The City Council is proposing a local law that places a nine-month moratorium on the construction of multiple-unit dwellings within zoned residential areas.
The moratorium would grant the city time to “investigate the present zoning codes and ordinances and evaluate the damage done by Kinderhook Development,” said city attorney Tony Casale, referring to a controversial multi-unit housing project that has been the subject of court battles between the developer and city.
At the end of the moratorium, the city may change some of its zoning ordinances, he said. “The idea is to hit the pause button to evaluate the damage and to consider what could happen in the future with city codes and ordinances,” he said.
Casale said since the construction of Kinderhook Development, an $11 million, 48-unit apartment complex, earlier this year on the hill above Lee Avenue and Northern Terrace, “there has been damage to the neighborhood and the necessity to reinforce one city street.”
Fifth Ward Councilman Jay Zarrelli said the local law’s intent is to “prevent Kinderhook or similar things from happening.” He said the city does not need additional multiple-unit buildings, as it has an overabundance of housing stock.
“We want to get rid of housing stock that absentee landlords don’t maintain,” he said. “It is difficult for us to get at these owners, who live out of town. They do not respond to summons.” He called the local law “steroids on top of the county’s program” that tears down about a half-dozen vacant homes annually.
City and county elected officials and residents of the Lee Avenue and Northern Terrace neighborhoods mounted an effort to derail the Kinderhook Development project almost from the moment it was announced in 2009, saying the apartment complex would affect drainage in the area and change the character of the neighborhood.
When the project went before the city Planning Board in May 2010, the board rejected it on the grounds it would change the character of the secluded residential neighborhood.
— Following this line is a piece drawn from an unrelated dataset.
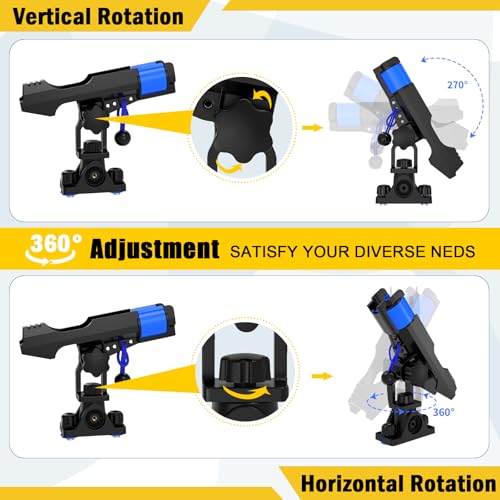 GearTrust 2-in-1 Fishing Rod Holder for Boat Kayak Rod Holder Track Deck Mount, Secure Fishing Pole Holders with Three Tier Rod Protection,Dual T Bolt, Bungee Cord & Sliding Loop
However, the same board, while serving as lead agency on the project for purposes of a required state environmental impact review, had already determined the project would not significantly “impact either community character or traffic safety.”
Kinderhook then filed suit, and state Supreme Court Justice Barry D. Kramer in September 2010 ruled the Planning Board acted in an “arbitrary and capricious” way when it denied a permit for the project. The state Supreme Court’s Appellate Division on Oct. 27 upheld Kramer’s ruling. The city then appealed to the highest court in the state. In February, the state Court of Appeals denied a motion by the city seeking to overturn earlier court decisions, which allowed the project to proceed.
Fines reduced
In other business Tuesday, the City Council adopted a resolution that reduces the minimum penalties for property maintenance offenses from $50 per day to zero.
Casale said the new penalty gives his office more room to negotiate with property owners in obtaining compliance with city codes. “First and foremost, the city looks for compliance with property maintenance,” he said.
He said the current fine structure can be counterproductive to the city’s efforts to resolve a case. “We can either withdraw the charge or the owner is found guilty and has to pay a fine for every day of violation,” he said.
The proposed penalty schedule “gives me more options in negotiating cases and gives the court more options in imposing sentencing,” Casale said. It does not mean the city is becoming more lenient in the handling of blight cases, he added.
“It would be a misnomer to say we are becoming more lenient. We are amending it to make it more workable for negotiations after compliance,” Casale said. He said the statute retains the potential penalty of $250 per day for each offense.